Pour évoquer la Beauté, Patrick Jouffret, designer français, a choisi de parler d’objets créés par l’humain pour accomplir ses rêves. Selon lui, au-delà des modes et des statuts, ils embellissent la fonction, rythment notre histoire et l’évolution de nos besoins. À travers cette sélection subjective, sous la forme d’un abécédaire, Patrick a la volonté d’explorer leur dimension cachée qui en font des pièces uniques, intemporelles et essentielles. Après la lettre H (comme Hache), place à la lettre I… comme Isolateur !

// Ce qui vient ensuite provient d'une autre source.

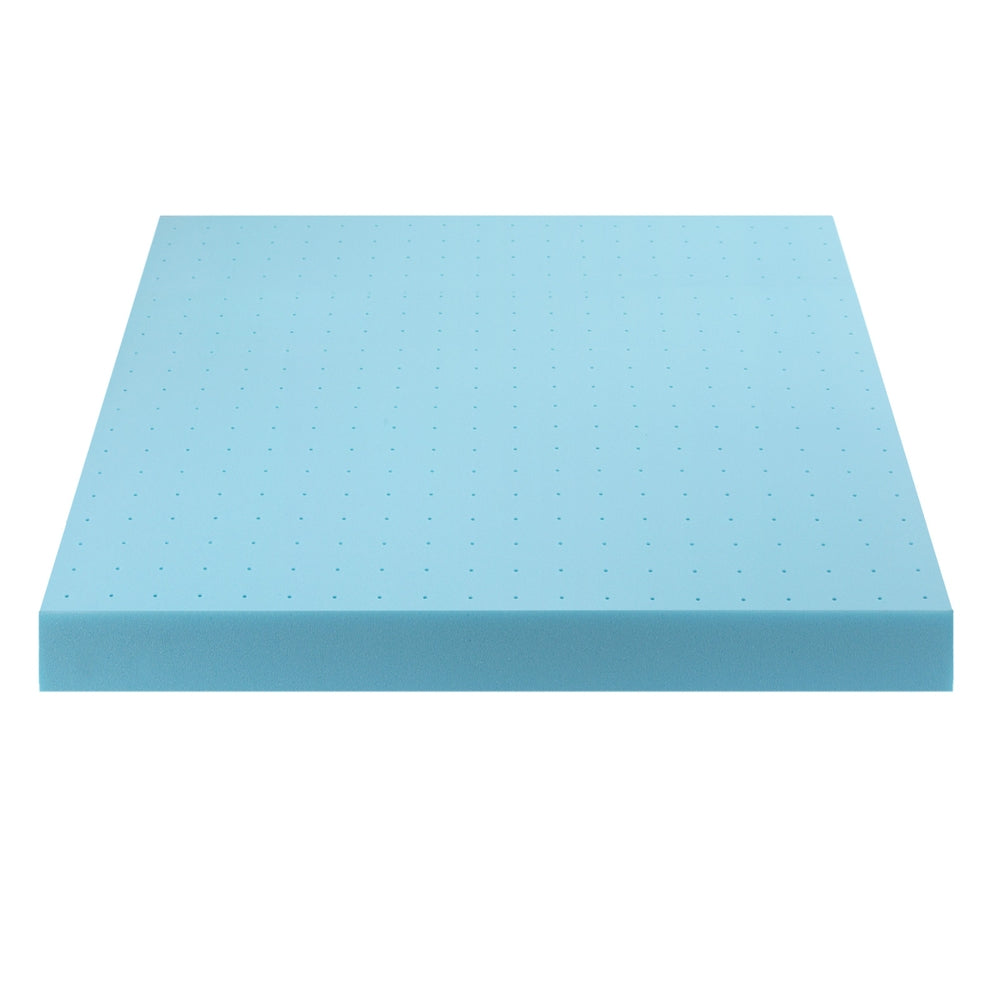 Giselle Double Memory Foam Mattress Topper 12cm Ventilated Cool Gel Bamboo Cover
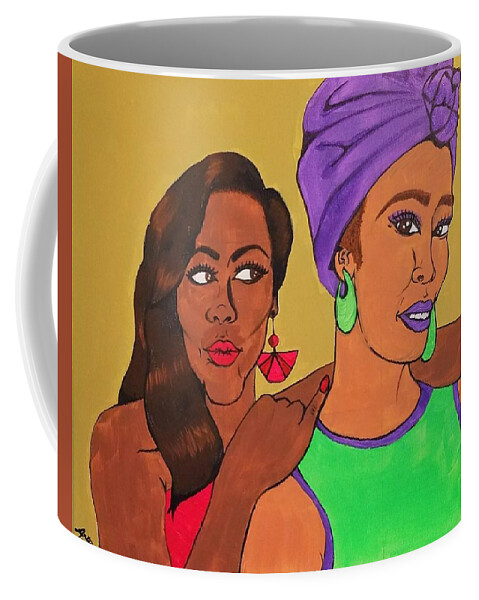 Painting Coffee Mug featuring the painting Sister Stuff by Autumn Leaves Art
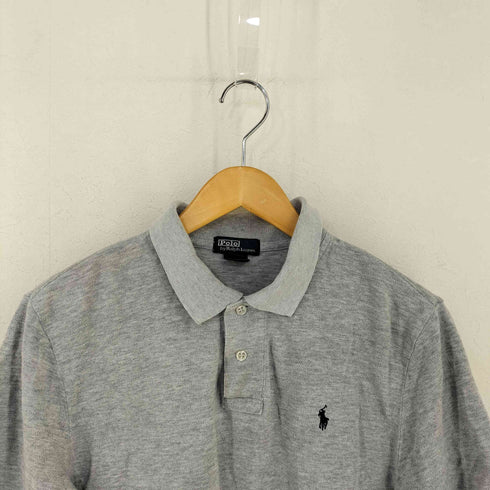 ポロバイラルフローレン Polo by RALPH LAUREN 90-00s MADE IN PERU スモールポニー刺繍ポロシャツ メンズ import:L 14-16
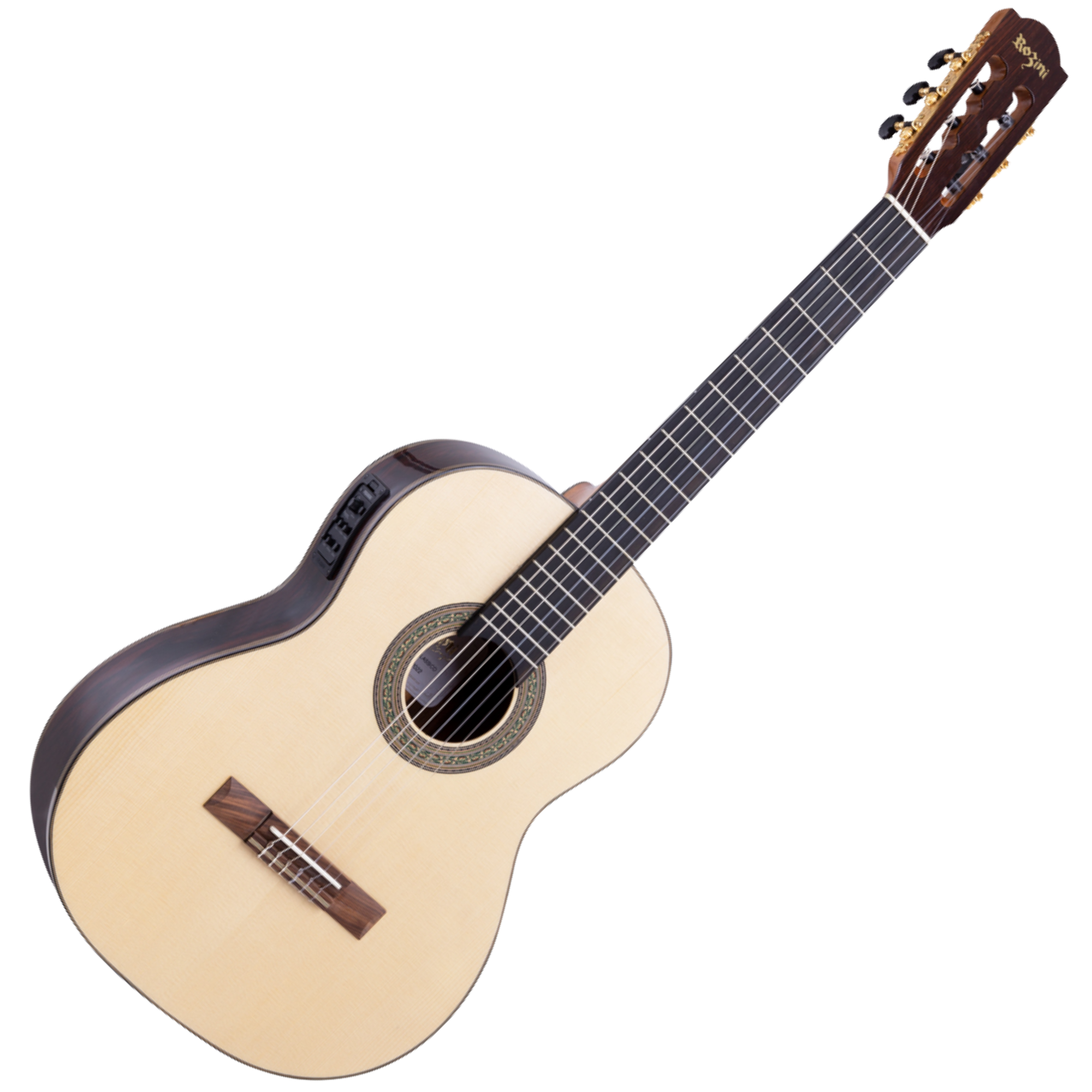 Violão Eletroacústico Rozini RX213.FPP.N.J EQ Fishman Presys Plus Tampo Spruce Maciço Jacarandá Escala Ébano Natural
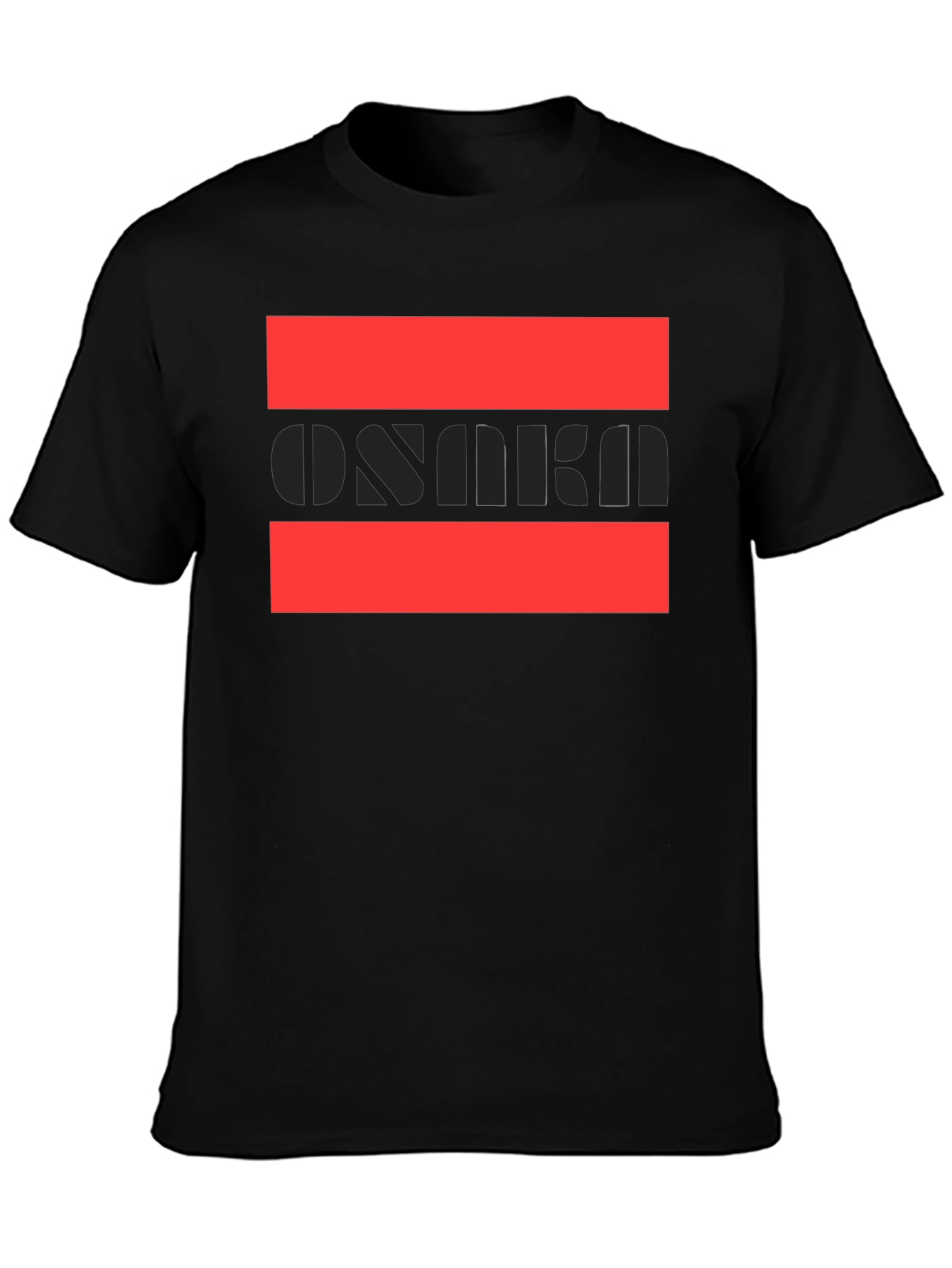 Stylish Osaka Graphic Print Black T-Shirt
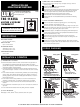 Lux Products T40-1143SA Installation & Operating Instructions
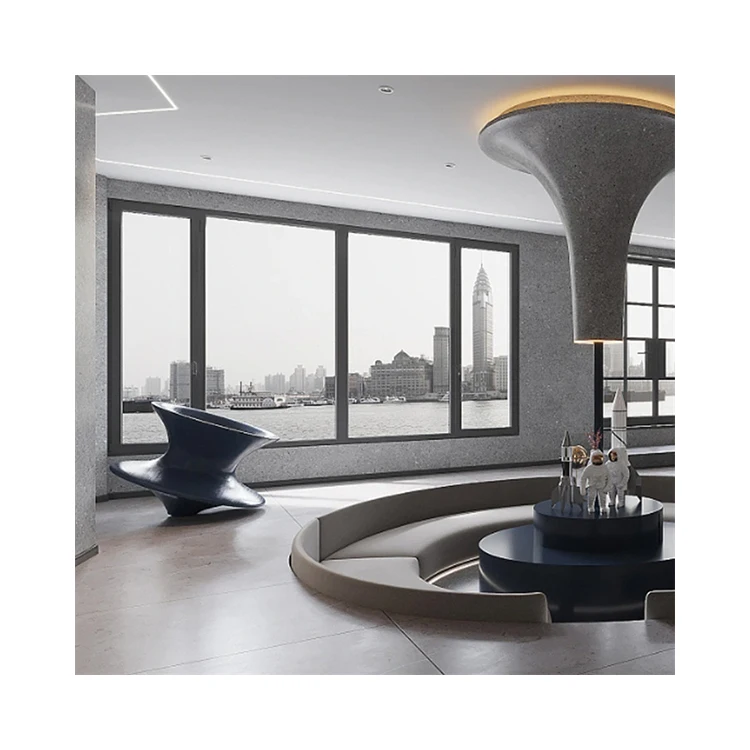 Factory Price Wholesale Seamless Welded Broken Bridge Window Aluminum Casement Glass Windows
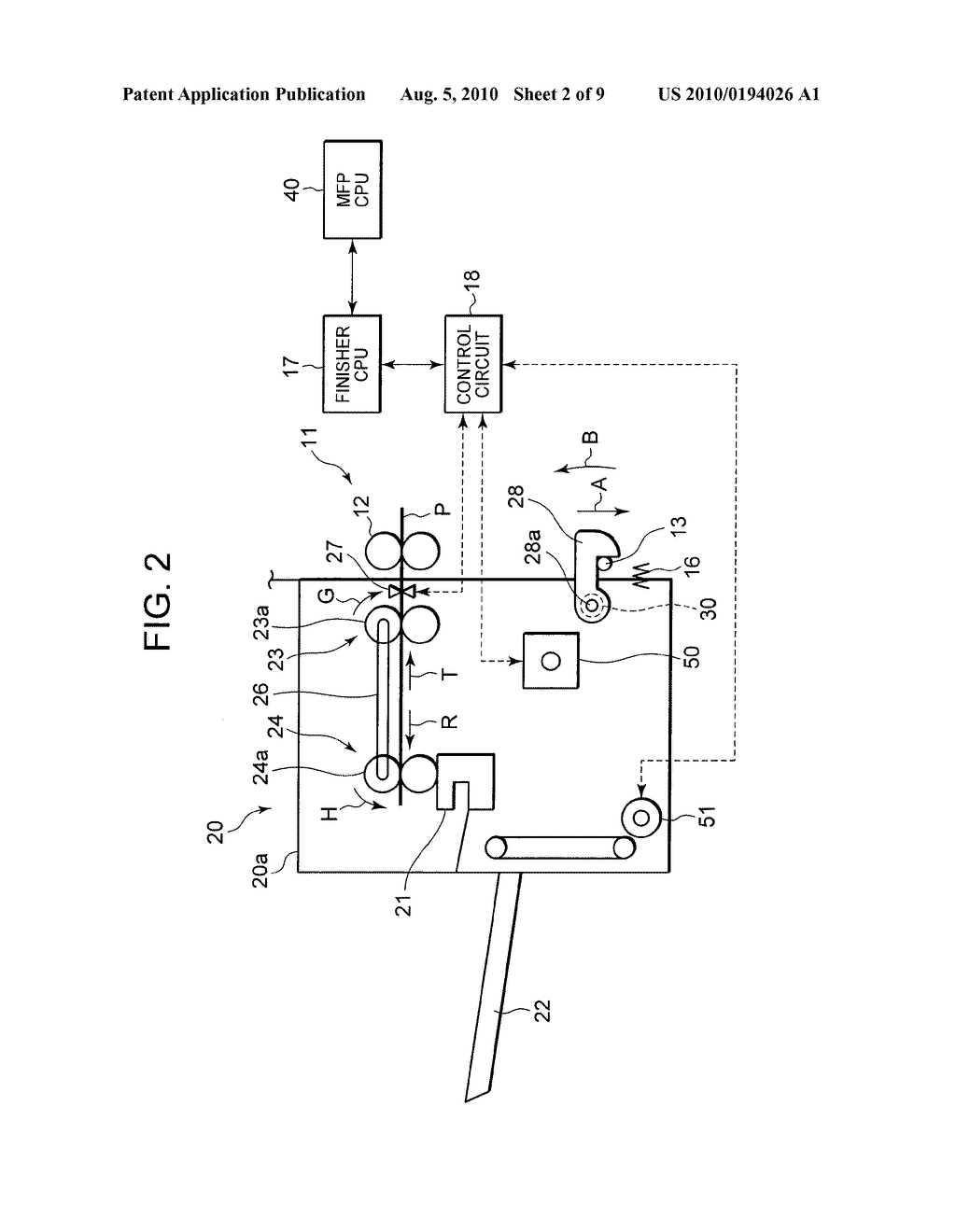 PAPER JAM REMOVAL MECHANISM FOR SHEET FINISHING PROCESS DEVICE - diagram, schematic, and image 03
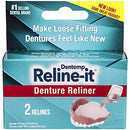 Dentemp Denture Reline Kit - Advanced Formula Reline It Denture Reliner - Denture Kit to Refit and Tighten Dentures for Both Upper & Lower Denture Dentemp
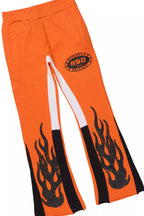 Boys Amos Orange/Black Stacked Track Set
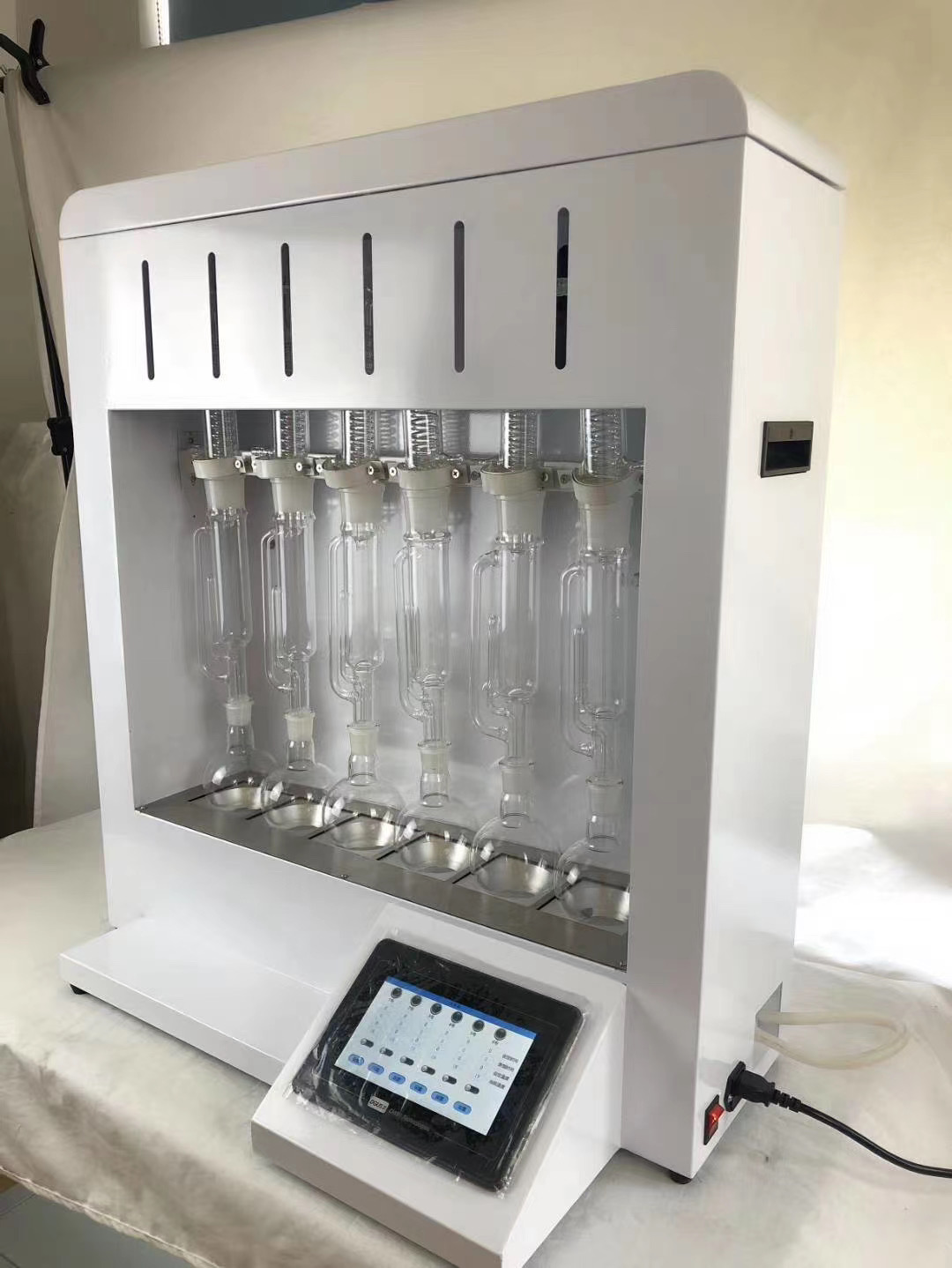 自动干式索氏提取器BYSE206全自动粗脂肪测定仪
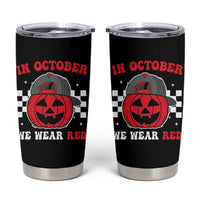 Red October Halloween Tumbler Cup Vintage Philadelphia Baseball Fan Jackolantern Pumpkin - Wonder Print Shop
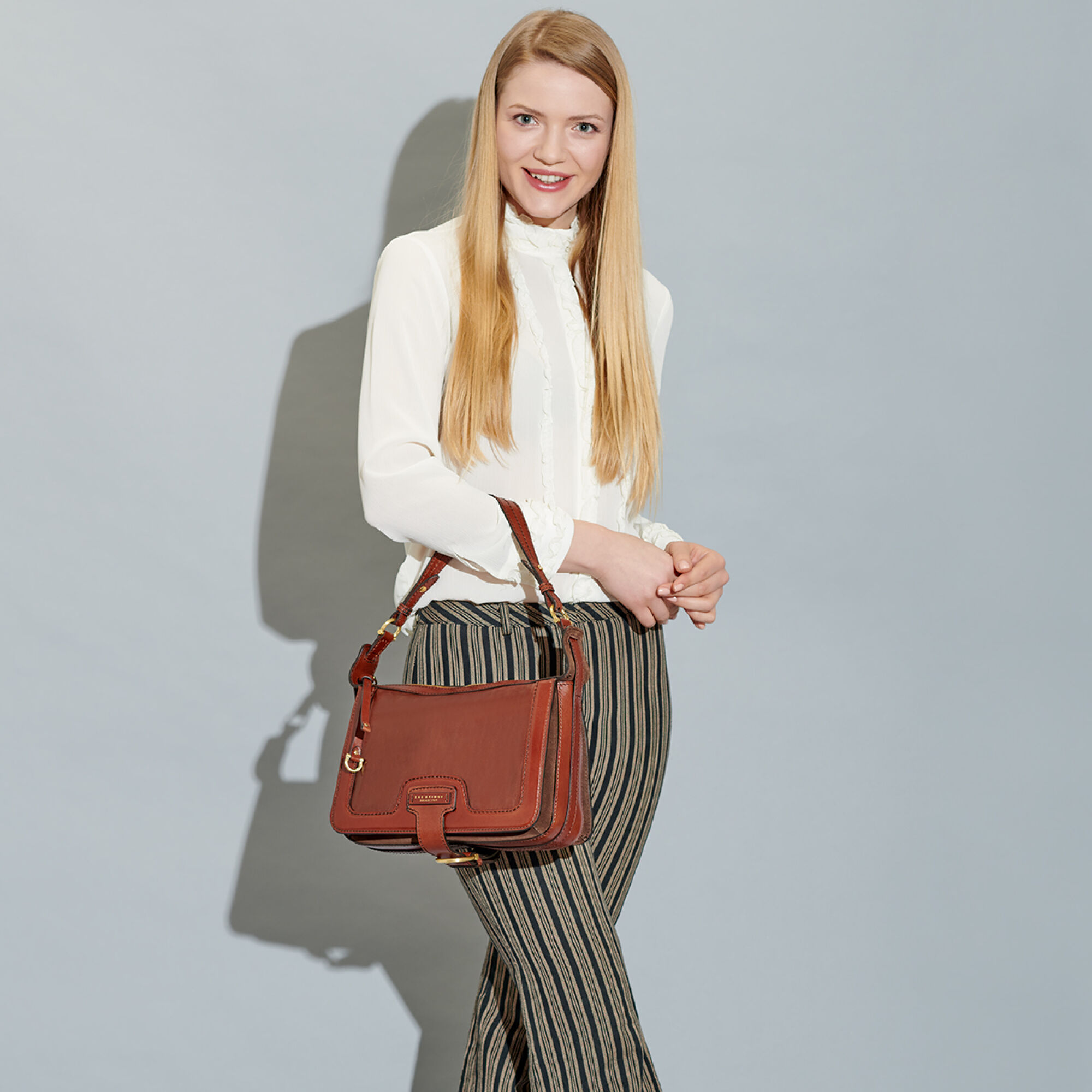 The Bridge Giglio Schultertasche Schwarz/Gold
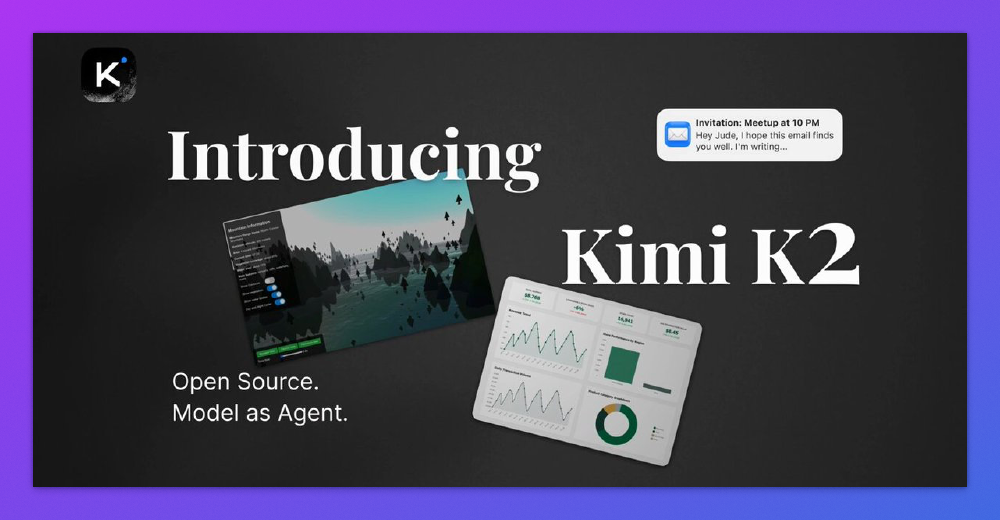 Kimi K2宣传图展示其智能体应用场景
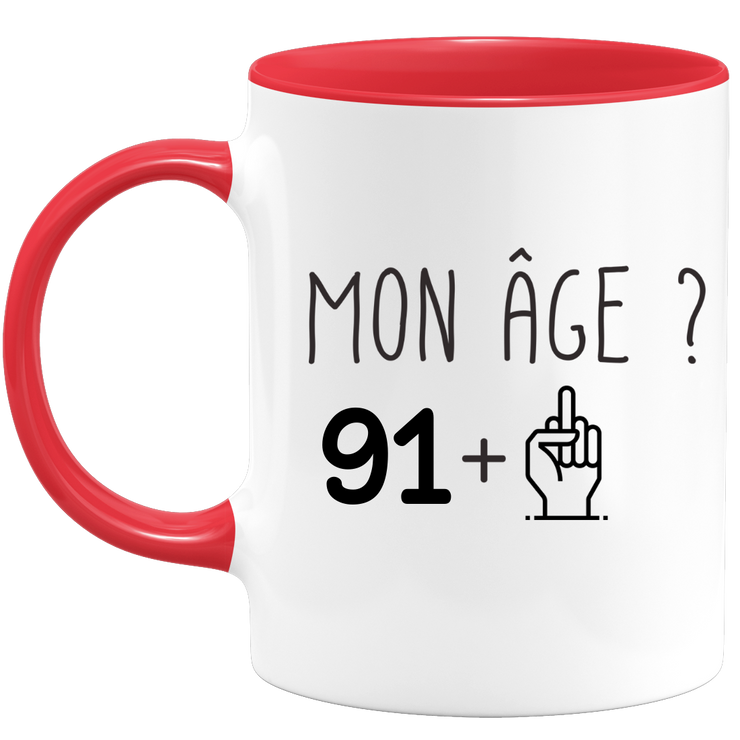 quotedazur - Mug Idée Cadeau 92 ans Homme Femme - Cadeau Anniversaire 92 Ans - Idée Cadeau Original, Humour, Drôle, Rigolo, Fun - Mug Tasse Café Thé Pas Cher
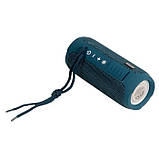 Бездротова акустика Borofone BR21 Sports 10 ВТ портативна колонка темно-синя, фото 3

La céramique est l’un des matériaux qui résiste le mieux à l’épreuve du temps. L’émail, même après cinquante ans, pour peu qu’il soit nettoyé, retrouve son éclat d’origine. C’est le cas des panneaux décoratifs, de la vaisselle, des cuves industrielles, des poignées de portes et des isolateurs.

Ces derniers furent d’abord en verre puis en céramique dure, originaire de chine et chargée de kaolin, qui s’imposa pour sa blancheur et sa finesse comme sa résistance à la température et sa dureté.

C’est à la moitié du XIXème siècle, qu’avec l’avènement du télégraphe, ces curieux objets se multiplient pour isoler les fils de plus en plus nombreux. 

Le caractère sculptural de ces pièces est saisissant. Leurs formes dictées par des lois physiques mais aussi par le besoin de laisser passer ou de tendre les câbles sont surprenantes et pures à la fois. Certaines plus complexes ressemblent à la mise en trois dimensions de courbes mathématiques. D’autres s’apparentent à des pièces d’échecs, à des osselets extra-terrestres ou à des roches sculptées par un flot parfait. Les trous et passages créent des formes en négatif évocatrices qui captivent par le pouvoir du vide (comme le disait Charlotte Perriand au sujet de la philosophie Japonaise de l’espace). Et pourtant, la liberté créative de ceux qui ont conçu ces pièces est faible. On imagine les contraintes de la production de masse (des millions d’exemplaires) imposant une économie de matière ou une facilitation du moulage sous vide. 

Dans un univers complexe et métallique, ces protecteurs à l’émail brillant apportent un peu de poésie et de clarté révélant à nos yeux la beauté de l’utile associée à la qualité perçue de la céramique. Il nous parle aussi du soin accordé à une fonction vitale. Il est d’ailleurs étonnant que des pièces en telle quantité n’aient pas encore cédé à la conversion automatique en tout plastique. Peut-être que lorsqu’on ne peut discuter sur la fiabilité, la qualité prévaut et les solutions de fabrication à grande échelle suivent.